# EXERCISE AIM
Every line below from the one containing "How to make" through the one containing "Collier Sautoir cubes" must be transcribed exactly. Omit all lines outside that stretch.

Top of GIVEN DATA

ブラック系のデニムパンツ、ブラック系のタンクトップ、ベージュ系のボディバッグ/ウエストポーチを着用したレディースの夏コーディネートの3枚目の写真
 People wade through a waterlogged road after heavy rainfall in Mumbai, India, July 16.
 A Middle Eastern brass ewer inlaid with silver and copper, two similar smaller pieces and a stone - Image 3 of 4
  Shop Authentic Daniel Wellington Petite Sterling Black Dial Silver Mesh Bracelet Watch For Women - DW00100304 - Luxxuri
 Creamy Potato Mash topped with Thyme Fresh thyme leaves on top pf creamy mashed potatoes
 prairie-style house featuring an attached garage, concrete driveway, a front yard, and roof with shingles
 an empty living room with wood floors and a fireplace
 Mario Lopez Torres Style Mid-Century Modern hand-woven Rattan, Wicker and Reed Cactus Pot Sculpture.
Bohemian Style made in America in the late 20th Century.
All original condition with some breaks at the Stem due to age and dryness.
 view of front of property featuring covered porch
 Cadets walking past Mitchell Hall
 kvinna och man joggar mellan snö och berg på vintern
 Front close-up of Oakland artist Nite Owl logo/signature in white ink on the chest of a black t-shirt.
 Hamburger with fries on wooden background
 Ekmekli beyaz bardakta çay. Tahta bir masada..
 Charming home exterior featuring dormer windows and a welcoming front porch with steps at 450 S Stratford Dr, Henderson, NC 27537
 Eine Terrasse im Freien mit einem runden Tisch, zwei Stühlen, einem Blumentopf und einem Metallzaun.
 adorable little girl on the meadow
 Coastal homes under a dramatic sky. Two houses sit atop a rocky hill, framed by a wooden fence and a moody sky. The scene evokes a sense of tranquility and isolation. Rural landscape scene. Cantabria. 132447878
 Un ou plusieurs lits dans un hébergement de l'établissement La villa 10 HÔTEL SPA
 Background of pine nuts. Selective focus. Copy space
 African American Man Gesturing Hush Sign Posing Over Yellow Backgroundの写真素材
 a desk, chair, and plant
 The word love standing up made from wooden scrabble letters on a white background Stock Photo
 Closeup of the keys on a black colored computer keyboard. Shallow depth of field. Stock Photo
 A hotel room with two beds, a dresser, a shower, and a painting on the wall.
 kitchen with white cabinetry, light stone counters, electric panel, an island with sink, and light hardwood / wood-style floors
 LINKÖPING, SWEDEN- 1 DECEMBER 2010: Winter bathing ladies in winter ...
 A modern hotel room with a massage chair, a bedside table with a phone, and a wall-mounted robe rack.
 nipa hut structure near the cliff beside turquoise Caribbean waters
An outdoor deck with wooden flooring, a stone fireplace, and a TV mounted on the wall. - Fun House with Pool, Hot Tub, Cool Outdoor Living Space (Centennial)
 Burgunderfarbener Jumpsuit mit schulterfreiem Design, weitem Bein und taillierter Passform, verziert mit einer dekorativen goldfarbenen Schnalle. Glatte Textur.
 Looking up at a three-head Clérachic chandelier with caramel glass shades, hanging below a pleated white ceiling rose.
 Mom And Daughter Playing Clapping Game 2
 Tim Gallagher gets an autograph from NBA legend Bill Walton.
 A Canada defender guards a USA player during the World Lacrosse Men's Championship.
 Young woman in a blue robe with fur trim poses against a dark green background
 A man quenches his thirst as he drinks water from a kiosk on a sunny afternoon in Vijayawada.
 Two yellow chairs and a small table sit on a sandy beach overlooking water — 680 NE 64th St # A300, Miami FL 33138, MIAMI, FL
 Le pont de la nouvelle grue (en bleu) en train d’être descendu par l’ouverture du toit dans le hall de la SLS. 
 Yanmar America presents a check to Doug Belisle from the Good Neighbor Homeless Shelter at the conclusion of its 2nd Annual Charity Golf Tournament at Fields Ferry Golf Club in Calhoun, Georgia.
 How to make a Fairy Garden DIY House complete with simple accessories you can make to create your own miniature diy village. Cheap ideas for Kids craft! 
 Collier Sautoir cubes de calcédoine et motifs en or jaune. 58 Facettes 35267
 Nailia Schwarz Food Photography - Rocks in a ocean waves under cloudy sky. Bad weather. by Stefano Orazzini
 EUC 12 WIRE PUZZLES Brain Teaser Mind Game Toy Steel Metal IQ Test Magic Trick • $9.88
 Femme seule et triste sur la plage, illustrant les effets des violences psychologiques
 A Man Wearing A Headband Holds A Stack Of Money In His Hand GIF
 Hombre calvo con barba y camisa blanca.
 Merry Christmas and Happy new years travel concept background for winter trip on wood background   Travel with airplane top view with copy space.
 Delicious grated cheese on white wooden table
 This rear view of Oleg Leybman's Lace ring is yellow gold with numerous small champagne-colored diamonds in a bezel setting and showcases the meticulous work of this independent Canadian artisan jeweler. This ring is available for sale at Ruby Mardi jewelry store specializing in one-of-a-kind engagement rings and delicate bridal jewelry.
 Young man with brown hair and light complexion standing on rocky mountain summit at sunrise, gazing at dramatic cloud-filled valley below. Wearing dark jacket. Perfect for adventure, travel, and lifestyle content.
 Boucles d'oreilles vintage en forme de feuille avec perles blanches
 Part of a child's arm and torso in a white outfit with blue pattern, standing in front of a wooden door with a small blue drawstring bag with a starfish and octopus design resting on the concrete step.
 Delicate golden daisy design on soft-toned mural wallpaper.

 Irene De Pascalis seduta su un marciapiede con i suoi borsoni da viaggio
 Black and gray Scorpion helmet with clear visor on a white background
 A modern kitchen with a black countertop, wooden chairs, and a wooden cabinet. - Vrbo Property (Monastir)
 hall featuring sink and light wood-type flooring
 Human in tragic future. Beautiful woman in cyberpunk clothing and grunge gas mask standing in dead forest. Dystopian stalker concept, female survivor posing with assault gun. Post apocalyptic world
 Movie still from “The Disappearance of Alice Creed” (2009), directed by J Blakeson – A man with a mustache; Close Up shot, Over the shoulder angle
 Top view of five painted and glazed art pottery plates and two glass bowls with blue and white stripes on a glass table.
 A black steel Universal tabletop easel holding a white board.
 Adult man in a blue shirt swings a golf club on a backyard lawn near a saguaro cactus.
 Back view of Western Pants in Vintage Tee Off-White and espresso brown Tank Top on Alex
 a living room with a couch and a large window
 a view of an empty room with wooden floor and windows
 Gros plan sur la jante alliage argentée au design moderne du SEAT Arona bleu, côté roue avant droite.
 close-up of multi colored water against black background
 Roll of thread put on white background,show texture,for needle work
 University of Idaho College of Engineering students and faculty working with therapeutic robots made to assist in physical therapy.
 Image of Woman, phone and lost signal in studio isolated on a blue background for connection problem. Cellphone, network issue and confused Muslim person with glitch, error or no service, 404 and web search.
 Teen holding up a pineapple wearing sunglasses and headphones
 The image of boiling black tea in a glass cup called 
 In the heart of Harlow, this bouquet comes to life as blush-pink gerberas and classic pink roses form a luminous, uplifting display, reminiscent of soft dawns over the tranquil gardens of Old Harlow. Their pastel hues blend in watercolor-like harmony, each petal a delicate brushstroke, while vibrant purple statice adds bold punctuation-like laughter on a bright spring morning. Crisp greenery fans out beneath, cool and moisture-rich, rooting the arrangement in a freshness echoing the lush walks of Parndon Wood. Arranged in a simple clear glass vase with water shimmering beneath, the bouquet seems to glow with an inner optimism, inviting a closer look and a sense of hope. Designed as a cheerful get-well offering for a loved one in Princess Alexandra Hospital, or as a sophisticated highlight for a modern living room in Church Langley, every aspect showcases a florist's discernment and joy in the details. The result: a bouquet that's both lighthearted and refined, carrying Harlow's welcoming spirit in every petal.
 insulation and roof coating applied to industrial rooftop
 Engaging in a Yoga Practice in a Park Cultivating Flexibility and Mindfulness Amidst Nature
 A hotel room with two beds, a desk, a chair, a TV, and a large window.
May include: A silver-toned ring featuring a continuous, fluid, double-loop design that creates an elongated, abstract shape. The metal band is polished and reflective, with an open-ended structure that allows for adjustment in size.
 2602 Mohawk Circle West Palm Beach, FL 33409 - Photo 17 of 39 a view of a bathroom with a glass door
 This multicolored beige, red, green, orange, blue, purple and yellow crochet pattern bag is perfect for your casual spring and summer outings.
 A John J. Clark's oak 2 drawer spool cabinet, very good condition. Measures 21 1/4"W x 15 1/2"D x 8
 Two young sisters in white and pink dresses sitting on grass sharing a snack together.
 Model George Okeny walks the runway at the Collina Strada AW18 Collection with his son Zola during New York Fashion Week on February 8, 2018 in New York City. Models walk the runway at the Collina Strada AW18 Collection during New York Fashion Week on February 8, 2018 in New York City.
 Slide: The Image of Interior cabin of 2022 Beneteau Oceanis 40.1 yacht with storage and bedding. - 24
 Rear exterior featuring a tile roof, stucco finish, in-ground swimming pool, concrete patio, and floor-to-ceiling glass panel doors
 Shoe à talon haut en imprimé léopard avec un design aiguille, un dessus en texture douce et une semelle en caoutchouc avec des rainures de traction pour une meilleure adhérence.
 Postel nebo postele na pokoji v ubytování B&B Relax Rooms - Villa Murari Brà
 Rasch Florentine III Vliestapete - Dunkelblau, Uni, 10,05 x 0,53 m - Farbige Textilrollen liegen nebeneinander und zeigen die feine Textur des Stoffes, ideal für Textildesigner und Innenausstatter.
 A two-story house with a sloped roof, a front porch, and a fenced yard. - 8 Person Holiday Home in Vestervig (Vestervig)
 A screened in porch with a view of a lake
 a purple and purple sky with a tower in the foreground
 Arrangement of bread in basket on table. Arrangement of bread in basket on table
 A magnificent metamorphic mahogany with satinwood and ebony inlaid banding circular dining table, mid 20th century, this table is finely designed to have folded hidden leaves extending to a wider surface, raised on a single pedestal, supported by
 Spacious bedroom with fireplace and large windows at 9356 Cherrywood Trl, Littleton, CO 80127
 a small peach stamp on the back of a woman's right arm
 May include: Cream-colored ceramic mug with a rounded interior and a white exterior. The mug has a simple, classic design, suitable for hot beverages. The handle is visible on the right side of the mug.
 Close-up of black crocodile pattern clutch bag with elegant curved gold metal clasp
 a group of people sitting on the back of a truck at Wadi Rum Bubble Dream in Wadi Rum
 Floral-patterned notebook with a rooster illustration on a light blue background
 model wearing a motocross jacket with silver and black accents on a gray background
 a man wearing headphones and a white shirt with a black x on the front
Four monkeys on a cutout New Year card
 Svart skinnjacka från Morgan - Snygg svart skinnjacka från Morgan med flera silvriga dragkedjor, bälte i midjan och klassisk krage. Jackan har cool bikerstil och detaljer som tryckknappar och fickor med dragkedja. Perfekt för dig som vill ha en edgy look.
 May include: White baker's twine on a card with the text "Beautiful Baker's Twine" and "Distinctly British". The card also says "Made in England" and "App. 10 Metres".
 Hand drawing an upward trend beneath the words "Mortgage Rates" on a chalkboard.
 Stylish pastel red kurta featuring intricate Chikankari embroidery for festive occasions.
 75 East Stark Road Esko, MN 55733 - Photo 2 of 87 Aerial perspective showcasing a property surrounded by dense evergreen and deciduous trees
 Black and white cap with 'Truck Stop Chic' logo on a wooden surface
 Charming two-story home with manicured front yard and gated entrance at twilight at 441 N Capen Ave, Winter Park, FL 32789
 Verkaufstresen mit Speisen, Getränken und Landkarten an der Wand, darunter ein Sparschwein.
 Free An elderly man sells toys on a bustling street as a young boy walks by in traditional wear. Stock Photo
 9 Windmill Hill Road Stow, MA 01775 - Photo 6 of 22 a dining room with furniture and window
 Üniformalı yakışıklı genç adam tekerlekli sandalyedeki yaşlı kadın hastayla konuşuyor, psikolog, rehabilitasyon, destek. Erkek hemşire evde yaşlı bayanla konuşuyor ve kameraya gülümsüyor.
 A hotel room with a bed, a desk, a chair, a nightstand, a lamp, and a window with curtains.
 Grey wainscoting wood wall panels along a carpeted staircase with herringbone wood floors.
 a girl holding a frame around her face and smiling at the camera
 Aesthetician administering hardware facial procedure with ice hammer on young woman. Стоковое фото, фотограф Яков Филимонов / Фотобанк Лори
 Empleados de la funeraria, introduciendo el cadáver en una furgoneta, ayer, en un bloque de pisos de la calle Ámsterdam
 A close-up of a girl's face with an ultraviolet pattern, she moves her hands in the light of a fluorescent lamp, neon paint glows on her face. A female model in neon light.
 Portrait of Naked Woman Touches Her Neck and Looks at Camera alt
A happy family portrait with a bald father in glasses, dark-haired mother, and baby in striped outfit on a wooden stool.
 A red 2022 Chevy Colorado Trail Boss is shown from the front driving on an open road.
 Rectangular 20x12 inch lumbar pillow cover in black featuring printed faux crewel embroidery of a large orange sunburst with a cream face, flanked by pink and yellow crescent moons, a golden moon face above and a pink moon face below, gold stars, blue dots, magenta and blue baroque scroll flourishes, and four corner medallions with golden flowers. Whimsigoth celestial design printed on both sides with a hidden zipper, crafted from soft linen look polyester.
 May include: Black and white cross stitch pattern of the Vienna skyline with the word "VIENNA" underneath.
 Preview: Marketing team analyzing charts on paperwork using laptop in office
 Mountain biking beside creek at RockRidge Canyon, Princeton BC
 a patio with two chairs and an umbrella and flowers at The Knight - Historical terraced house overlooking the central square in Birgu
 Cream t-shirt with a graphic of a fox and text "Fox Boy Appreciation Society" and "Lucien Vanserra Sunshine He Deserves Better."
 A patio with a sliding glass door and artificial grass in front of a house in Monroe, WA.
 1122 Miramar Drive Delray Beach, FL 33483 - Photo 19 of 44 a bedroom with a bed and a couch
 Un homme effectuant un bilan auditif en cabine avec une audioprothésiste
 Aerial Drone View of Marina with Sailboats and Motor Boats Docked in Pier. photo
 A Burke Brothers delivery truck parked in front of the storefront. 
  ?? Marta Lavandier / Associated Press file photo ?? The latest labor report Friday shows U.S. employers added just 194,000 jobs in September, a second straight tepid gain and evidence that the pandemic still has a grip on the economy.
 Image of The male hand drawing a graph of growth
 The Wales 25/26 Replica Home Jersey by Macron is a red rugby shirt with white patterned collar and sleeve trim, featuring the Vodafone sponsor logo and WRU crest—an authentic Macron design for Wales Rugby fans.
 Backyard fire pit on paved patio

Bottom of GIVEN DATA

# PROBLEM SOLUTION
 How to make a Fairy Garden DIY House complete with simple accessories you can make to create your own miniature diy village. Cheap ideas for Kids craft! 
 Collier Sautoir cubes de calcédoine et motifs en or jaune. 58 Facettes 35267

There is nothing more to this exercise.